# THE DATA

--- --- ---

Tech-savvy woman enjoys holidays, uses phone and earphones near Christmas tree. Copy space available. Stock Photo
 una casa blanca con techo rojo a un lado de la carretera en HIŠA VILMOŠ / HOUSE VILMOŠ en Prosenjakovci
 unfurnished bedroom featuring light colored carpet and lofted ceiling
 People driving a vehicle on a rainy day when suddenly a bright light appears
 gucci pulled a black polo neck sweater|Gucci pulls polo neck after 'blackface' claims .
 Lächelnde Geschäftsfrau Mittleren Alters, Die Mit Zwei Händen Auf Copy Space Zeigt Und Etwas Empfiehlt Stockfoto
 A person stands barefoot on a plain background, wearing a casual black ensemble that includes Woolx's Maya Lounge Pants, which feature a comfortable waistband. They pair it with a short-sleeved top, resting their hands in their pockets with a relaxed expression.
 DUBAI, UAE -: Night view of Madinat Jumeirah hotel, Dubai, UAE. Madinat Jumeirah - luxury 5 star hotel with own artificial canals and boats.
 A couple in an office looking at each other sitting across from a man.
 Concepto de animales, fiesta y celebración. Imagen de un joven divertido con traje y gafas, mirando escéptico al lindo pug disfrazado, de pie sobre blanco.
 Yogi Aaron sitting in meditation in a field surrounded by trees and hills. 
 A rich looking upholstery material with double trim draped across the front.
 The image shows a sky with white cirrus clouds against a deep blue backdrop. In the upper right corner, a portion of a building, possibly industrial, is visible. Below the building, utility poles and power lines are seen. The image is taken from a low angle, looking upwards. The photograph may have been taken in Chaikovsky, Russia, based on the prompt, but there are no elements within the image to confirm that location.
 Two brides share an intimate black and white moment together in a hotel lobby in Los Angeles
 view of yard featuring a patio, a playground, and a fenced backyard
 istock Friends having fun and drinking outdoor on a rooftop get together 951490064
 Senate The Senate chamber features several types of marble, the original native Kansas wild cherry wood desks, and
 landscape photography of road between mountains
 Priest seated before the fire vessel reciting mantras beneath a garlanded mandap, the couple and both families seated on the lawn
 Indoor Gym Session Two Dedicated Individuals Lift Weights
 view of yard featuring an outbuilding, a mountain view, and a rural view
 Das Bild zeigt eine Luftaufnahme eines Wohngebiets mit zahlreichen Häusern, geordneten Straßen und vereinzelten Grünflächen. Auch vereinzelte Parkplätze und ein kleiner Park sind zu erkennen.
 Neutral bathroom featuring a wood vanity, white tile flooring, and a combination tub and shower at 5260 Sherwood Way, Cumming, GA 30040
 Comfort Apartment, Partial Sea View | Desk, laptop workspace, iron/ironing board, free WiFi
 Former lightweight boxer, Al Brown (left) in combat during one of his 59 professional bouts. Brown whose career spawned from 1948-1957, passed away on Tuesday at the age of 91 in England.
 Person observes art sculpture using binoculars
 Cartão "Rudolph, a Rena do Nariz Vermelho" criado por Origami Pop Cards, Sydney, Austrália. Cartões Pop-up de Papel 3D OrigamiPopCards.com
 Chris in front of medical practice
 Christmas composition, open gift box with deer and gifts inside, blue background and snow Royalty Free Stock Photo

--- --- ---

# BRIEF
Lines holding the word "across" should be copied from the entries above.

# RESULT BELOW
 A couple in an office looking at each other sitting across from a man.
 A rich looking upholstery material with double trim draped across the front.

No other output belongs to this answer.